Finding the right words to articulate dimensions of experience is not easy. First, it takes careful analysis, and at this point phenomenology is very close to ordinary language philosophy: we have to consider what we precisely mean when we use a certain expression in a particular context. For instance, my argument is based on the idea that it makes sense to distinguish between learning and practising, but that it is not meaningful to connect this distinction to the opposition of knowledge and skill whenever ‘school’ contexts are involved. In order to find the required degree of precision and nuance, it is also necessary to use language itself in a very conscious way. Language is not just a means of communication reporting on research results, but itself plays a part in the arguments philosophers make. For instance, throughout my text I abundantly italicise words and expressions. When I write ‘that a true experience of possibility is not a matter of strengthening one’s own position in life’, it does make a difference that ‘true’ is stressed in this way.

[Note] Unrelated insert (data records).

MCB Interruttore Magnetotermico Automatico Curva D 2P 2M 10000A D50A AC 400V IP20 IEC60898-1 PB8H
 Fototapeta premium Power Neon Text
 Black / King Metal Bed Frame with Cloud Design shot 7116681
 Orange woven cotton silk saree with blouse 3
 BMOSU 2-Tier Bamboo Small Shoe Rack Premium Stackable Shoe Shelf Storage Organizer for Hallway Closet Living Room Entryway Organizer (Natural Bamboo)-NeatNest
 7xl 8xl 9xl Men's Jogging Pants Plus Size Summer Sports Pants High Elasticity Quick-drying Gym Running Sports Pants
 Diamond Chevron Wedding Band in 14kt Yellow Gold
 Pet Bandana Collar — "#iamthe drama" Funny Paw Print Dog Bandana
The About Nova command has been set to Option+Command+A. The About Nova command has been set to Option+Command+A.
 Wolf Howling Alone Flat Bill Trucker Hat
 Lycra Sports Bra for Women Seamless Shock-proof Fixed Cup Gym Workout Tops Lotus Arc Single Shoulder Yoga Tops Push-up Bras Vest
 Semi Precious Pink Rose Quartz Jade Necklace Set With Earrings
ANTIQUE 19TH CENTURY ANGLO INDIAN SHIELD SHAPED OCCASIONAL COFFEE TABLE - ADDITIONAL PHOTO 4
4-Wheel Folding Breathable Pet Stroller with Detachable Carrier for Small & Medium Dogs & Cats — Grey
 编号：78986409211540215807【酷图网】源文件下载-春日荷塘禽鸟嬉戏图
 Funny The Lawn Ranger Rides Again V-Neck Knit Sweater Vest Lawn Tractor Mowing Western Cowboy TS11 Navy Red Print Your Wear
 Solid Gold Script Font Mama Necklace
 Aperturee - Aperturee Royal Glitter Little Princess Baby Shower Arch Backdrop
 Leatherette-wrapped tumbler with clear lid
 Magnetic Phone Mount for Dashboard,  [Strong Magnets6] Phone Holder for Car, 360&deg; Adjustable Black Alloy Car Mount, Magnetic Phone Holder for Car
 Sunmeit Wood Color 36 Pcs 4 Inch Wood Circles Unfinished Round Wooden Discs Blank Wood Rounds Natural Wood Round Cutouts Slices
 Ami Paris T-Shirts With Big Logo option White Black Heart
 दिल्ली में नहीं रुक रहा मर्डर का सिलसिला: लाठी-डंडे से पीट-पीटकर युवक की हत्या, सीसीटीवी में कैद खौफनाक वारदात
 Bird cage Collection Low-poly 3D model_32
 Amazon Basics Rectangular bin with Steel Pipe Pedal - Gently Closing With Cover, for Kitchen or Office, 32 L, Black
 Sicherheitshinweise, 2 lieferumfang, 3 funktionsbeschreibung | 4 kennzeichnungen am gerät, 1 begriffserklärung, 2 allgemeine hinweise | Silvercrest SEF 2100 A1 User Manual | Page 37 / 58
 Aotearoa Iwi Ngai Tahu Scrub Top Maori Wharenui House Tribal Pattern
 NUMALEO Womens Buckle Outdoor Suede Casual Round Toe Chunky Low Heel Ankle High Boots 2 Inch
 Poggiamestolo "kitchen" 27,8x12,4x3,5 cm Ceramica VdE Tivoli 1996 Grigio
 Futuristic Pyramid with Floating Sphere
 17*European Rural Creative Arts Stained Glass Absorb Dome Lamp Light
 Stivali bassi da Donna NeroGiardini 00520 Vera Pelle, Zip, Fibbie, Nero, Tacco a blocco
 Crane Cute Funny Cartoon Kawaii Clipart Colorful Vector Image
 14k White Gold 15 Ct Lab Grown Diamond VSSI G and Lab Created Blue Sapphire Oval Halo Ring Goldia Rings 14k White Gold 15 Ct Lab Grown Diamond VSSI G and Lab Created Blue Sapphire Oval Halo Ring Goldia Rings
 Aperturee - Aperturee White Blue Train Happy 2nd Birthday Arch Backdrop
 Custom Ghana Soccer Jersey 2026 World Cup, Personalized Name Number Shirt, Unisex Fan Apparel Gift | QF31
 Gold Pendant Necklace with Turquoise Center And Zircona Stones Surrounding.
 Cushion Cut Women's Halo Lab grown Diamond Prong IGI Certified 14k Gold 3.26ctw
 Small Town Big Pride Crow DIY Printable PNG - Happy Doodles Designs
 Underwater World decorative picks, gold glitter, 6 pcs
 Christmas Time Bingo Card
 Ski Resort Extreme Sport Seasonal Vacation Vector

It indicates that when we only take into consideration the type or definition of possibility

expressed in the second part of the sentence (self-actualisation), we might miss out on an experience of potentiality that is more subtle. This is, however, not to say that defining possibility in terms of self-actualisation is not a true idea. So, the use of italics helps to articulate something that is difficult to express directly and which in this example goes beyond the plain and superficial opposition between true and false. Something similar is to be found in my attempts to stress the ‘can’ part in the expression ‘I can’ to point out an experience of being-able that is about being able as such (rather than being able to do this or being able to do that).